Gödel had fled the Nazi regime in Austria in 1940 following Hitler’s Anschluss of his native country. A visiting professor at the Institute for Advanced Study in Princeton, he spent the war years contemplating what he had experienced in Europe in an eternal — often times losing — battle against his own mind and its appetite for paranoid, cynical interpretations of reality.
Becoming an American Citizen
When the time came for Gödel to become an American citizen, he invited his friends Oskar Morgenstern and Albert Einstein to come along as witnesses to his citizenship hearing. A “very thorough man” according to his close friend Morgenstern, Dr. Gödel spent the months leading up to this hearing “informing himself about the history of North America by human beings”. For Gödel, such an inquiry would never have been complete without a sufficiently thorough study of all matters of American history, including the history of Native Americans, their tribes, the early settlers, the Civil War, Princeton, New Jersey, where “the borderline was between borough and the township”, “how the Borough Council was elected, the Township Council, who the Mayor was, how the Township Council functioned” and so on.
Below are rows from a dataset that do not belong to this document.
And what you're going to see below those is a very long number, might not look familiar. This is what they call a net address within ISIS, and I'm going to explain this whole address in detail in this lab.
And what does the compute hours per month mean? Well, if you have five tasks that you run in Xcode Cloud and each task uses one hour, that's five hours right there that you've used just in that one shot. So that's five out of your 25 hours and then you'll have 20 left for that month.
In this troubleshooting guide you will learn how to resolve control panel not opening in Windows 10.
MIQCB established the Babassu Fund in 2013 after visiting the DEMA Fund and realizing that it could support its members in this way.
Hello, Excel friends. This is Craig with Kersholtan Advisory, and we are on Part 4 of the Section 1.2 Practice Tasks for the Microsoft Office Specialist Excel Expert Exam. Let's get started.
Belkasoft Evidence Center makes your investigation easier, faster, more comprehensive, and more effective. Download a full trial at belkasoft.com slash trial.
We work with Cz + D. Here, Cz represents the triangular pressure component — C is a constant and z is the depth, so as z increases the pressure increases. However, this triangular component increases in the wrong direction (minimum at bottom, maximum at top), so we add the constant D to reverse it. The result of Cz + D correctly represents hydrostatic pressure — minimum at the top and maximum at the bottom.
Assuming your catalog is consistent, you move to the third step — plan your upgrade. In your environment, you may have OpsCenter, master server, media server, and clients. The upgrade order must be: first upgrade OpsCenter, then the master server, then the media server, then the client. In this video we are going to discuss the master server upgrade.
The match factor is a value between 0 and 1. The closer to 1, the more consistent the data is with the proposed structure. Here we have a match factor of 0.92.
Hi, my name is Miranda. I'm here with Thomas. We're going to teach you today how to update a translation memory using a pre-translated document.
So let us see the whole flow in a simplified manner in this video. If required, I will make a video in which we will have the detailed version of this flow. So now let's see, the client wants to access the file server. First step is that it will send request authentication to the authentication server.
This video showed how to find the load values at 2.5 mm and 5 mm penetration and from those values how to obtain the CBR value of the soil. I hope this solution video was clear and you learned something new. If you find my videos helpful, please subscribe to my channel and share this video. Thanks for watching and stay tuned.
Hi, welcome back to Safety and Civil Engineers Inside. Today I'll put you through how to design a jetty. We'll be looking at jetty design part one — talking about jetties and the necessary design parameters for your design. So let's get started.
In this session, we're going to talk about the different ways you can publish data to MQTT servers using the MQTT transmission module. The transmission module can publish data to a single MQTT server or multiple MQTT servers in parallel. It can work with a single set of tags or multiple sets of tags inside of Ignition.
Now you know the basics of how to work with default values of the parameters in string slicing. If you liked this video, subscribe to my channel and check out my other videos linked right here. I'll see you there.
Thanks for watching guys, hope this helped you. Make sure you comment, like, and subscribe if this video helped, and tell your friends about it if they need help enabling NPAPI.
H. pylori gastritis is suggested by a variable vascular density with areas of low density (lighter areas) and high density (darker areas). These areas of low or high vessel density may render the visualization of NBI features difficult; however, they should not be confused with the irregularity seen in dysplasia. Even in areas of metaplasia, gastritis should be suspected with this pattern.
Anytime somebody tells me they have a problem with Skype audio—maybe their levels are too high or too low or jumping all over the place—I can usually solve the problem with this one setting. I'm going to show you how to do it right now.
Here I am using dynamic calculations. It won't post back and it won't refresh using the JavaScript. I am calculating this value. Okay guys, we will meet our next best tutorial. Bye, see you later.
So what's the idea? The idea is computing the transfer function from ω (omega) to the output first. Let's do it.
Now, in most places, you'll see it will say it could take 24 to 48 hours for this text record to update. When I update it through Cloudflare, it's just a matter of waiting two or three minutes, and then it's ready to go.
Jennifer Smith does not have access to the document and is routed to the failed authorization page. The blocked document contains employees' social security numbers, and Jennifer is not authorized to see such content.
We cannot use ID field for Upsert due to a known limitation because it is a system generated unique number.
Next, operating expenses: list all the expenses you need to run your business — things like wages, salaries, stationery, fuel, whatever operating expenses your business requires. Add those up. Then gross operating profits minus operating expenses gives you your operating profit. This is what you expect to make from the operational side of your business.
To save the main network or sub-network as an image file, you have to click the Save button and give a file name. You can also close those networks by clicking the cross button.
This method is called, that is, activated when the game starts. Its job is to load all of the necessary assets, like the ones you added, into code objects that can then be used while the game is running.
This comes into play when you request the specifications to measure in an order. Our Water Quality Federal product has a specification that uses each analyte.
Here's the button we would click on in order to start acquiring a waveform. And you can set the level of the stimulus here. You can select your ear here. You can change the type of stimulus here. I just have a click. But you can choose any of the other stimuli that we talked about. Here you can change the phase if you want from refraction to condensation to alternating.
“I tried, to explain that all of this was totally unnecessary, of course, but with no avail”,Morgenstern later recalled in a memorandum. Gradually, as the months wore on, Gödel “proceeded to study American history, concentrating in particular on matters of constitutional law”. Morgenstern (who himself was an immigrant and took the same examination in 1944) “tried to convince him that such questions never were asked, that most questions were truly formal and that he would easily answer them; that at most they might ask what sort of government we have in this country or what the highest court is called”. Gödel nonetheless persisted, immersing himself deeper and deeper in his study of the American Constitution.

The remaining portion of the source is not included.